I went back to not trying to hang out with men, I didn’t want to harm my baby and I didn’t want Jacob to see random people in the house.  But again, I was alone.  A friend of mine was seeing a guy I went to high school with.  I asked him how his brother was doing (who also went to school with us) and he told me to ask him myself. 


I started to talking to this man, he was funny, a little shady, but cool.  I was 4 months pregnant with Jonah but he didn’t care.  He wasn’t driving sex down my throat but would actually come over and just hang out.  Don’t get me wrong, he asked – but he didn’t pressure.  One night he called me around midnight, totally freaked out because he and his girl had got into a huge fight.  He asked me to come pick him up in Vancouver because he was stranded.  And since I have to save every floundering fish (Captain Save A Scrub or CSAS)…. I went (I still save every hurt, lost, cute, sad, down and out or what have you animal, it’s an issue! But it’s getting better, I only have 6 cats, 1 fish, 4 raccoons, 1 goose, 1 skunk, several squirrels and chipmunks, the gophers have thinned out and Gartner snakes – which we catch and put in a tank, then call them Ralphy Spaghetti).


I have to laugh now because here was this man, actually a dang fool, hiding in a bush from Lord only knows what…. He jumps in my car, lays the seat back to a laying position and whispers, “drive, drive”!  I said, “What in the world did you do???” He said he and his girl got into an argument and he grabbed her car keys and car then hid the keys in the bushes so she couldn’t leave the house….  Ahhhhhhhh, and that was hurting her how? He didn’t quite know, but he knew it would make her mad…..


Good grief.  He and I kept a pretty good friendship, it was generally me bailing him out of ridiculous situations like above, but nothing where me or my kids where at risk – just him being young and stupid. **note to self and others – although he and I have a good relationship now – there were years of turmoil, stress, rage, drama, jail, DV, all of that.


If you meet someone who you have to bail out – for any reason – RUN.  He may not be doing whatever it is he’s doing to you now – but he will, in time.


Don’t fall for the poor me, I’m a victim crap.  9 times out of 10 – it is BS!  Here are some examples:
I have a mean girlfriend who’s crazy. LIE (and yes, they do all say that)
I have to live with my baby momma because she’s not a good parent and I don’t want to leave my kid with her. LIE
I can’t leave her because she’s crazy and will do something to hurt me or you, LIE
I just live there, we don’t sleep together. LIE
I love you, I just need time to clear things up, straighten things up, stabilize, blah, blah, blah. LIE
If this man is truly into you, truly loves you, truly wants you – there would be NO OTHER WOMAN, GIRL, BABY MAMA or whatever– for any reason. PERIOD.

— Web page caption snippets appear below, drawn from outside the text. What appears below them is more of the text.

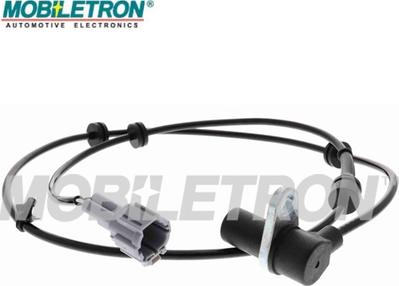 Mobiletron AB-JP322 - Capteur, vitesse de roue droxauto.com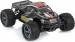 фото Himoto Mastadon E18MTL Brushless (черный) #3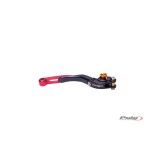 PUIG MANETE DE TRAVAO 3.0 EXTENSIVEL VERMELHO AFINADOR DOU PUIG MANETE DE TRAVAO 3.0 EXTENSIVEL VERMELHO AFINADOR DOU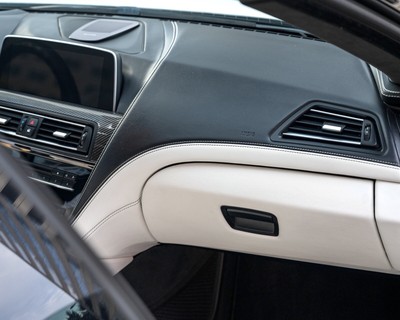 image 18 of interior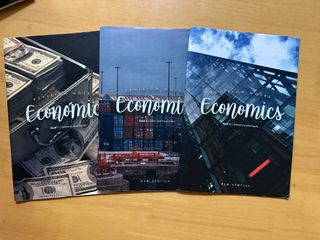 （分類：）位於 。 由 sakim_ 提交（商品編號 1459172104，圖片 1）。簡介： 。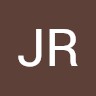 JR Thompson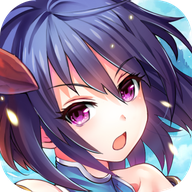 闪耀契约官方版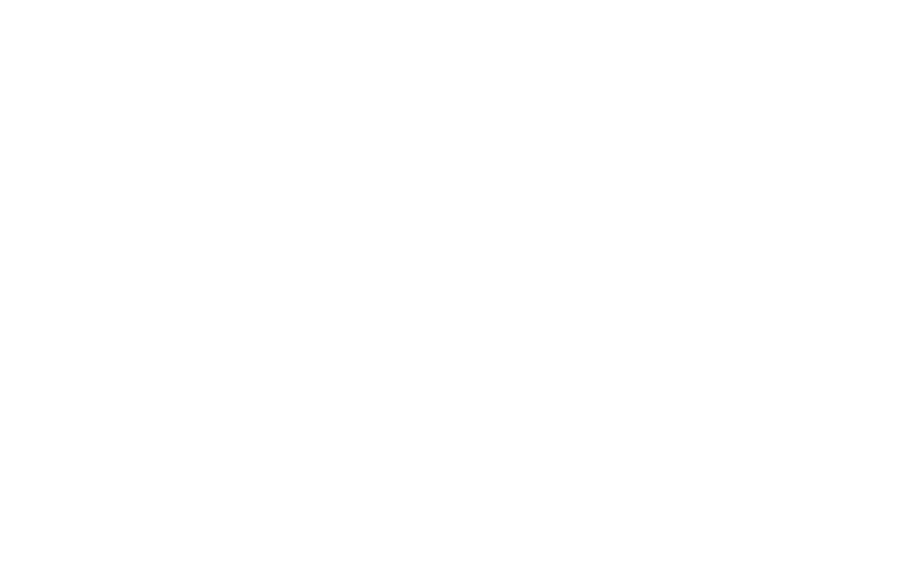 Lazulin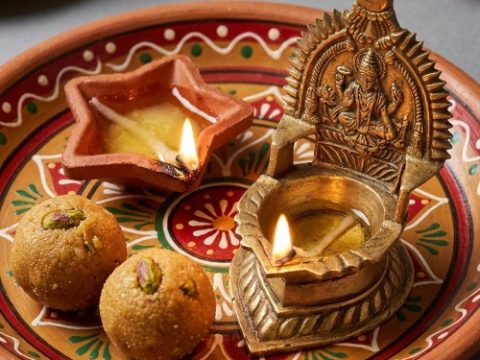 Cleanse Your Health & Spirit By Avoiding These Foods During Chaturmas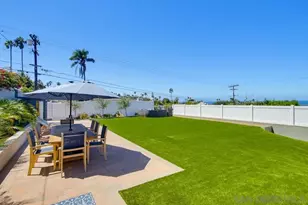 4483 Saratoga, San Diego, CA 92107 - Photo 49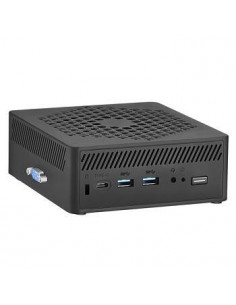 Mini PC Ntech Intel...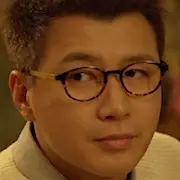 Una storia di gelosia-Kim Seung-Hyeon.webp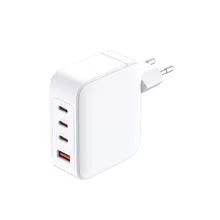  D-Link 140W GaN Charger 852785 DCF-141 на топ цена - PIC.bg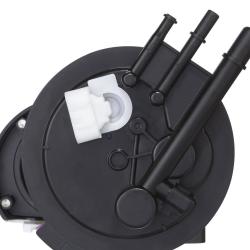 SPECTRA PREMIUM SP6491M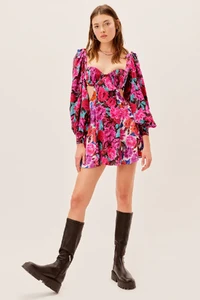 ScarlettMiniDress_04.webp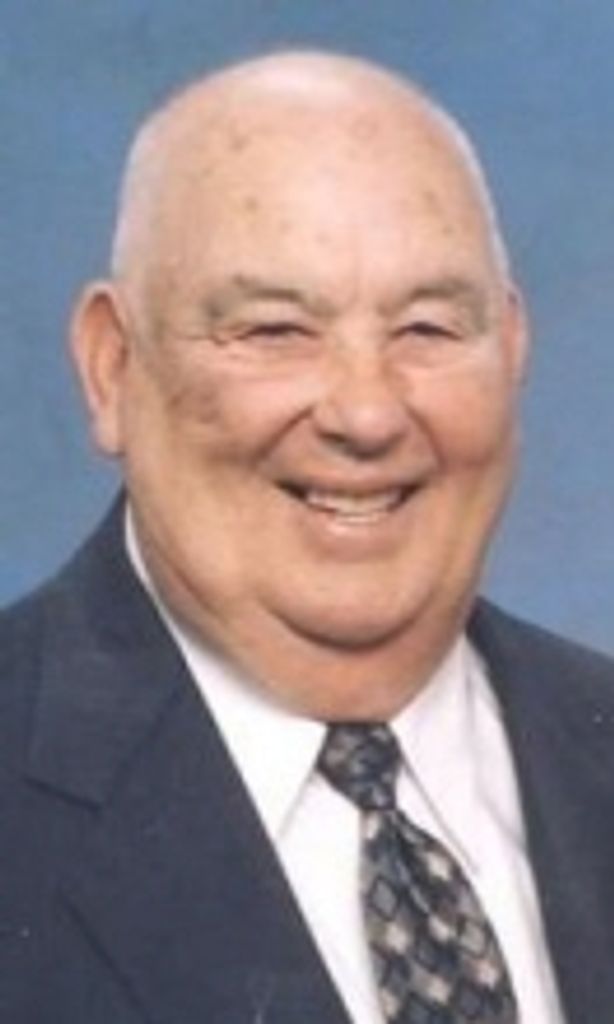 J.C. Norris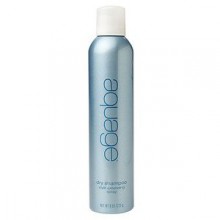 Aquage Champú Seco Estilo La extensión del aerosol 8 oz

A real man would not keep a relationship with someone and work on a new one at the same time.  PERIOD


A real man does not have to hide his phone, hide his home, hide his family, and hide his kids.  In a mutual loving, trusting and committed relationship – there are no secrets and there are no “others”. PERIOD

Ladies, do NOT let a man convince you that you are crazy because you react to injustices. Your mind and bodies are made to react to danger.  It's called fight or flight.  You are NOT wrong for feeling, you are not wrong for having emotions and you are not wrong for reacting.  How you react is within your control and that is what you are responsible for, not for the feeling of emotions of fight or flight.

Men, if you're bringing on serious emotional reactions out of women and then blaming them for having an emotional reaction..... think about why they are reacting.  If you are, at any time, saying that she is crazy - YOU are the problem.  A real man would would not just place all the blame on you, he would see how you both contributed to the situation -and work it out from there.